TASK DESCRIPTION:
Without changing a word, copy every line of the listing below and leave out the images.

DATA BELOW:
******
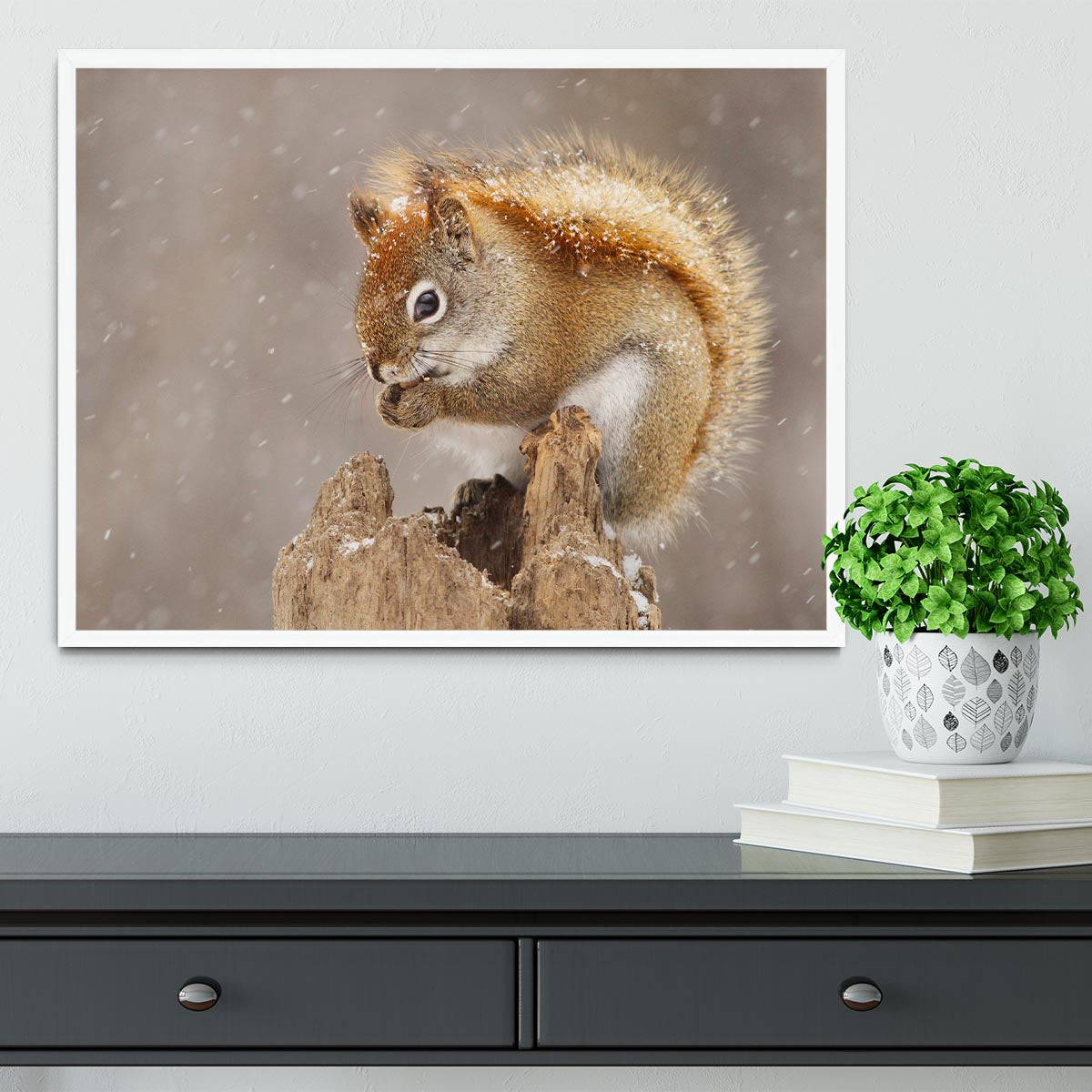 Snow Storm Framed Print - 1x -6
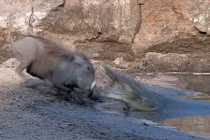 Cá sấu đói điên cuồng đớp thú rừng hoang dã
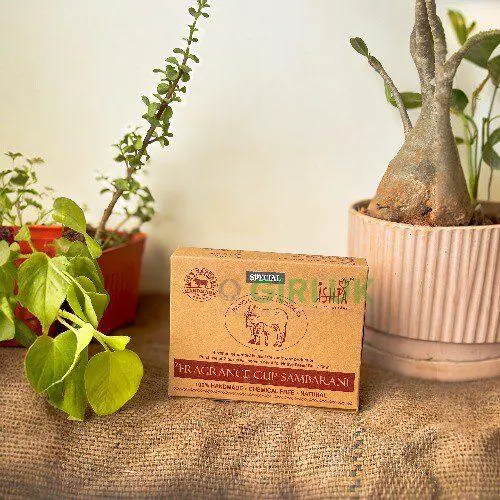 Organic Special Cup Sambrani from Cow Dug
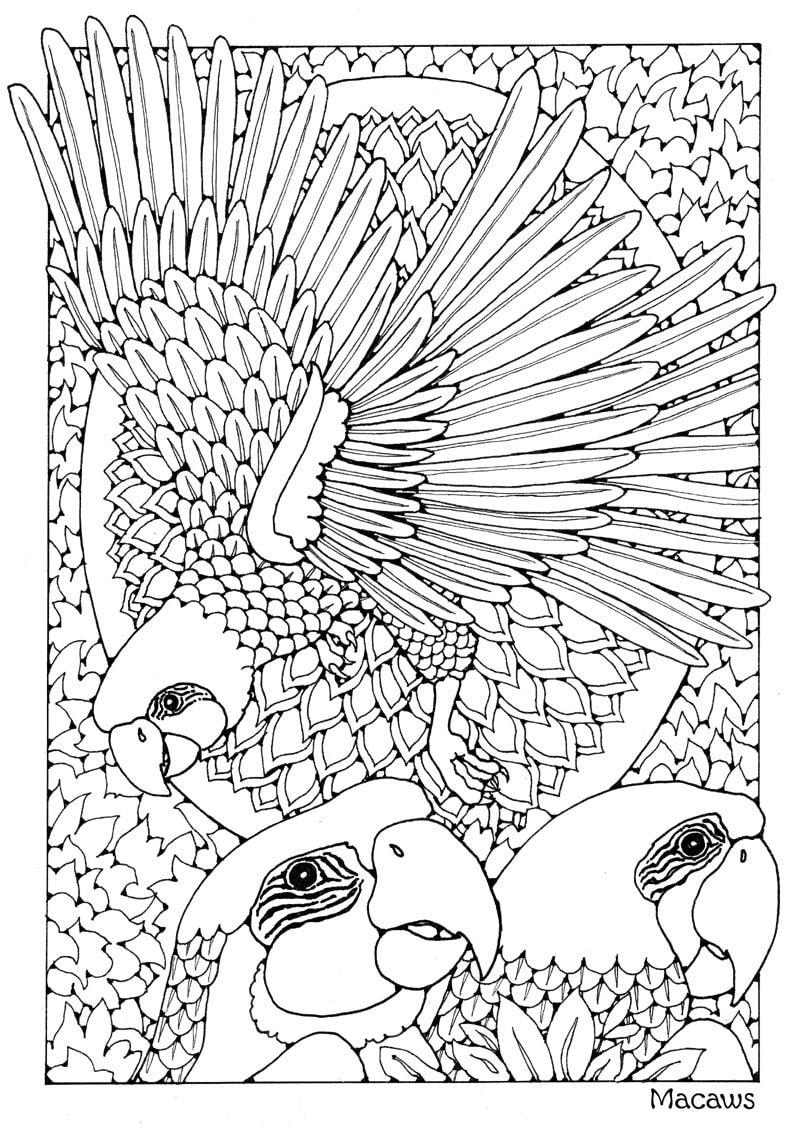 A Colouring Book of Birds. 42 Different Pages to Download and - Etsy UK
******
WRITTEN SOLUTION:
 Snow Storm Framed Print - 1x -6
 Cá sấu đói điên cuồng đớp thú rừng hoang dã
 Organic Special Cup Sambrani from Cow Dug
 A Colouring Book of Birds. 42 Different Pages to Download and - Etsy UK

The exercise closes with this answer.